Segundo Débora, Dilma caiu por motivos distintos dos citados no processo. Em seus discursos, alguns senadores chegaram a citar os chamados “conjunto da obra” e “estelionato eleitoral”, endossando a tese da socióloga.
Mudanças
Por isso, ela avaliou que o momento impõe a necessidade de discutir uma reforma política e o sistema de governo do país. “A falta de apoio é margem para um primeiro-ministro cair e não o presidente. Ou observam as regras democráticas ou fica esse perigo que estamos assistindo.”
Para o cientista político Cristiano Noronha, vice-presidente da empresa de análise política Arko Advice, as discussões devem ser sobre o número de partidos e o que ele chama de “loteamento do governo”.
Noronha disse entender que Temer navegará em águas mais tranquilas que Dilma, mas nem por isso terá dois anos fáceis pela frente. Para o cientista político, o novo presidente precisará dar andamento ao ajuste fiscal em meio a novos capítulos da Operação Lava Jato.
“Novas delações premiadas vêm aí. Novos políticos podem ser envolvidos e não se sabe qual partido será atingido. Isso é um fator de instabilidade grande”, completou o cientista político.
Credibilidade
Cristiano citou ainda a importância de ajustar as contas públicas para inspirar credibilidade no mercado financeiro.
Para Débora, a classe trabalhadora poderá sair perdendo com os cortes que Temer eventualmente promoverá. “Espero que não, mas temo que a classe trabalhadora vá perder muito. Em termos de direitos, de acesso às políticas públicas, pelo que é divulgado por aqueles que organizam a política econômica do país, acredito em muitos cortes nessa direção”.
Jogo político
Noronha concorda com Débora a respeito do uso de argumentos estranhos ao processo e utilizados para retirar Dilma da Presidência. Segundo ele, considerar outros fatores além das chamadas “pedaladas fiscais” faz parte de um julgamento em uma casa política.
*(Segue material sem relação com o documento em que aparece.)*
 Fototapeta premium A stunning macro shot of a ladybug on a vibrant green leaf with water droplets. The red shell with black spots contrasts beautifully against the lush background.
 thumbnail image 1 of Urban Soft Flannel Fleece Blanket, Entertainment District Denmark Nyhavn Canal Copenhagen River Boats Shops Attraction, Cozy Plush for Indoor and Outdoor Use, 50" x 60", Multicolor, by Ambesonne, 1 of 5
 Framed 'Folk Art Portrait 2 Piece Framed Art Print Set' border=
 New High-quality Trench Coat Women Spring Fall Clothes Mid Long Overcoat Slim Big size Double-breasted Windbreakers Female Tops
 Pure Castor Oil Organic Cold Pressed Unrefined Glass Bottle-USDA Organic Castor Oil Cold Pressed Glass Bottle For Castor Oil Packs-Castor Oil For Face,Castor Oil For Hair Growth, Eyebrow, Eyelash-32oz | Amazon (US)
“Num processo julgado por políticos, eles acabam sendo influenciados por outros fatores. Por isso, a economia pesa, a popularidade e personalidade da presidente pesam. Há uma série de outros fatores que acabam interferindo nessa decisão que é política também. É um processo do jogo”.
O cientista acrescentou que, quando a Constituição deu a prerrogativa de julgamento ao Congresso Nacional, assumiu-se que o julgamento não se daria apenas no mérito jurídico, mas também no político.
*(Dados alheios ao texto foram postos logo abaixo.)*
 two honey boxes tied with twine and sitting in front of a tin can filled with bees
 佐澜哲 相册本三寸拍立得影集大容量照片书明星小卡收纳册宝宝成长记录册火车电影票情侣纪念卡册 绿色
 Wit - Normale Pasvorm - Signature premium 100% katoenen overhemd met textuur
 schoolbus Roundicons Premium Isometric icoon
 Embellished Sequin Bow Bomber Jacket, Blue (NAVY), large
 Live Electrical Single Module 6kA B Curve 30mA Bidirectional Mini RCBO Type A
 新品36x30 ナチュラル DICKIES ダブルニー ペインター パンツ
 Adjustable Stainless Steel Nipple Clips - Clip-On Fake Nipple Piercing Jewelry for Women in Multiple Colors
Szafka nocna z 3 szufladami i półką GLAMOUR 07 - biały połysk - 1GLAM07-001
Conforme Débora Messenberg, a esquerda do Brasil e do mundo está em crise e precisa se reinventar. “Acho que a esquerda tem de se reinventar no mundo inteiro, não só no Brasil. Depois da queda do muro [de Berlim], temos claramente um projeto liberal e neoliberal em expansão e a esquerda não teve um projeto de fato que enfrentasse. Então, vemos uma série de governos ditos como trabalhistas, mas que acabaram adotando uma política econômica liberal, neoliberal”.